An image display device features an image display unit comprised of a matrix of pixels. These pixels alternate between two types: first pixels built from at least three sub-pixels within a first color range, and second pixels built from at least three sub-pixels within a second, different color range. At least one color must be different in the two pixel types. A processor determines the output of each sub-pixel. The processor calculates the first pixel's output based on a combination of the input image signal for that pixel, plus a component from the adjacent second pixel that the second pixel can't accurately reproduce (out-of-gamut). The second pixel's output is based on its input signal, minus the out-of-gamut component passed to the first pixel.
2. The image display device according to claim 1 , wherein the processing unit subtracts, from the combined component, a luminance adjustment component corresponding to luminance of the first pixel raised by the out-of-color gamut component in the combined component to determine an output of the sub-pixels included in the first pixel, and determines an output of the sub-pixels included in the second pixel based on the third component and the luminance adjustment component.

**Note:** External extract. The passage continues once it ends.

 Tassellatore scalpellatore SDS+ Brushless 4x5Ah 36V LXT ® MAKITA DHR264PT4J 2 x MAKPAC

The image display device refines the sub-pixel output calculation. The processing unit subtracts a luminance adjustment component from the combined component which will determine the output of the first pixels. The luminance adjustment corresponds to the first pixel's brightness increase caused by the added out-of-gamut color from the second pixel. It calculates the second pixel's output using its base component plus the luminance adjustment component, which maintains appropriate brightness across the adjacent pixels. This ensures accurate color and brightness representation.

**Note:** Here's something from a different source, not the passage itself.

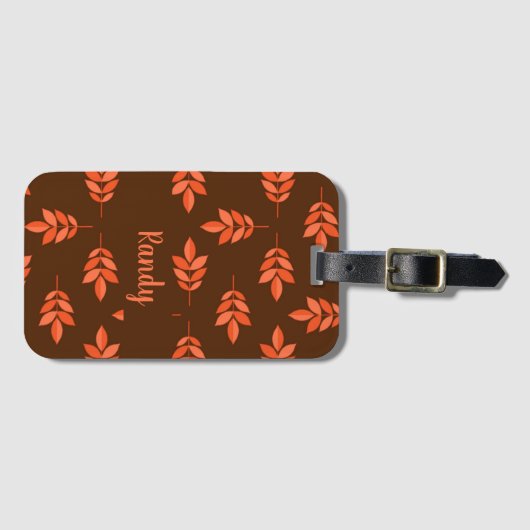 Rode bladeren, naam bruin bagagelabel (Voorkant (horizontaal))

3. The image display device according to claim 1 , wherein the first pixel and the second pixel each include a white sub-pixel, and the processing unit determines outputs of the first pixel and the second pixel so that the white sub-pixel is lit when there is a first convertible component that is convertible into white in the components of the input image signal.
In the image display device, both the first and second pixels include a white sub-pixel. The processor is configured to activate the white sub-pixel in both pixel types when the input image signal contains a component that can be converted into white light. This leverages the white sub-pixels to enhance brightness and efficiency when displaying predominantly white or near-white content.

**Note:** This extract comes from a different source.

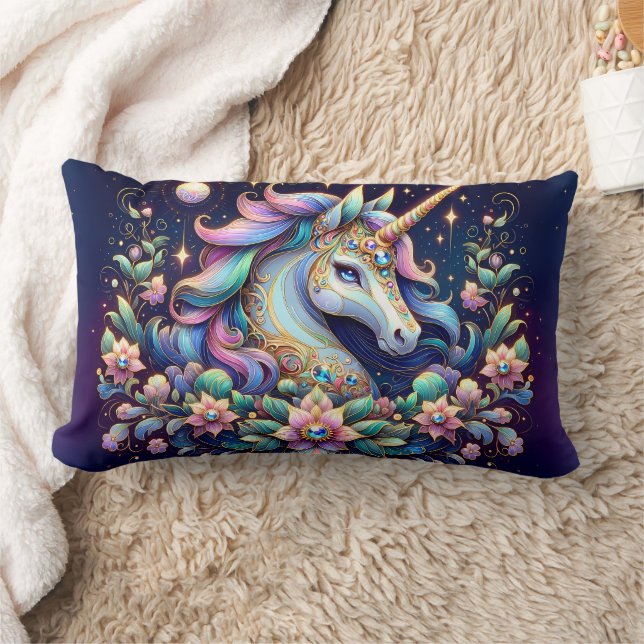 Coussin Rectangle Jewel Toned Unicorn Floral Fantasy (Couverture)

4. The image display device according to claim 3 , wherein the processing unit causes the first convertible component in the input image signal to be reflected in an output of the white sub-pixel and causes a component eliminating the first convertible component from the input image signal to be reflected in an output of the sub-pixels of colors other than white.
The image display device uses white sub-pixels to improve efficiency. The processing unit assigns the white-convertible component of the input signal to the white sub-pixel's output. The remaining, non-white-convertible components of the input signal are then used to determine the output of the other colored sub-pixels (red, green, blue, etc.). This separation optimizes color accuracy while utilizing the white sub-pixel for brightness.
5. The image display device according to claim 4 , wherein each of the first pixel and the second pixel includes white sub-pixels, one of white sub-pixels has a smaller output than the other one of the white sub-pixels, and the processing unit determines an output of the other one of the white sub-pixels based on the output of the white sub-pixel having the smaller output.
The image display device's pixels have two white sub-pixels with differing outputs. The processing unit sets one white sub-pixel to a lower output level than the other. The output of the brighter white sub-pixel is then determined based on the output of the dimmer white sub-pixel. This allows for finer control over luminance levels and can improve image quality and power efficiency.
6. The image display device according to claim 1 , wherein the first pixel and the second pixel each include a white sub-pixel, the processing unit causes a second convertible component that is convertible into colors other than white in the second component to be reflected in an output of the sub-pixels other than the white sub-pixel of the second pixel, and the processing unit causes a component eliminating the second convertible component from the input image signal to be reflected in an output of the white sub-pixel in the first pixel.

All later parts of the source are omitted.